After its first flight from a regular runway in 1972, parts were added to make it amphibious. It could fly low on the water, skimming the surface while patrolling for targets. Part space ship, part hydrofoil, it didn’t exactly look elegant in flight, but it was packed with technical achievements.
Following the death of its inventor, Italian-born engineer Robert Bartini, in 1974, the project was abandoned. The VVA-14 only racked up about 100 flight hours and just two prototypes were built. The only surviving one now sits in an airfield at the Central Air Force Museum outside Moscow, its wings missing, a dilapidated relic of times past.
It is the perfect symbol for “Restricted Areas,” a photo series produced over the course of three winters by Russian photographer Danila Tkachenko, which immortalizes Soviet artifacts in high snow.
Many of the areas where the photos were taken were inaccessible during the Soviet era, as they contained classified technology. They depict monuments, factories, military bases and various kinds of vehicles and technology, most in an advanced state of decay.

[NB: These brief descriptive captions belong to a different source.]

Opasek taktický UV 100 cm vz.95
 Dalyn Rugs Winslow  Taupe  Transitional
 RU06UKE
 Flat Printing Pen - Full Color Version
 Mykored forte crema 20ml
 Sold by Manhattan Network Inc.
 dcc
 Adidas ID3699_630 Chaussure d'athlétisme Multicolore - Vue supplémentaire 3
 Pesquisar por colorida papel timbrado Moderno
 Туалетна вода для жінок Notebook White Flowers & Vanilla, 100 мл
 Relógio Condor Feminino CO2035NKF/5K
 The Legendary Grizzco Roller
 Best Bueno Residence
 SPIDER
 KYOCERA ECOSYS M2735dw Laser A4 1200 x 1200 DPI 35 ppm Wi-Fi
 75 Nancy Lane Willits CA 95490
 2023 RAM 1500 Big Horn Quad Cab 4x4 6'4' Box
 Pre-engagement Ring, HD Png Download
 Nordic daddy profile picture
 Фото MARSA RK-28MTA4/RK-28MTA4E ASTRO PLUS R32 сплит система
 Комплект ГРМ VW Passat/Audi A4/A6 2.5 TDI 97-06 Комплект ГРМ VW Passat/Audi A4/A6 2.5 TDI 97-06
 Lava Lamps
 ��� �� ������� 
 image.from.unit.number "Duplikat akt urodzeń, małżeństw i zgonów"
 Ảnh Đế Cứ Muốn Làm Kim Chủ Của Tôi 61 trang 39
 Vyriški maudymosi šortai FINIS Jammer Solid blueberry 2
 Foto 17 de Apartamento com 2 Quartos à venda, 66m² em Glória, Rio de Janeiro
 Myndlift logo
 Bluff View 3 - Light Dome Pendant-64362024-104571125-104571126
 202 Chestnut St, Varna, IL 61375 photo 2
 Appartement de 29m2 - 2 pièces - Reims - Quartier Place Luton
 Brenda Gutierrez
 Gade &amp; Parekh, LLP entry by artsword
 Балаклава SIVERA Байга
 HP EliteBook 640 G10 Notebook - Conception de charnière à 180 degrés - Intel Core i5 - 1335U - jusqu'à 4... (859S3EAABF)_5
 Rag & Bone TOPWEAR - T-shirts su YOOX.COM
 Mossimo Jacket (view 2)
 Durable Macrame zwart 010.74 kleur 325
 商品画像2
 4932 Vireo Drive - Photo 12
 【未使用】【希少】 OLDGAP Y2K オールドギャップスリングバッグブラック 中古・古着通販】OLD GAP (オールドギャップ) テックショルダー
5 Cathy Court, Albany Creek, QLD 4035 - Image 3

Tkachenko says the project is about humanity’s utopian drive for technological progress. But this drive came at a high price, he thinks, because governments were ready to sacrifice almost everything for it.
“I travel in search of places which used to have great importance for the technical progress, and which are now deserted,” he writes on his website.
“Those places lost their significance together with the utopian ideology which is now obsolete. Secret cities that cannot be found on maps, forgotten scientific triumphs, abandoned buildings of almost inhuman complexity. The perfect technocratic future that never came.”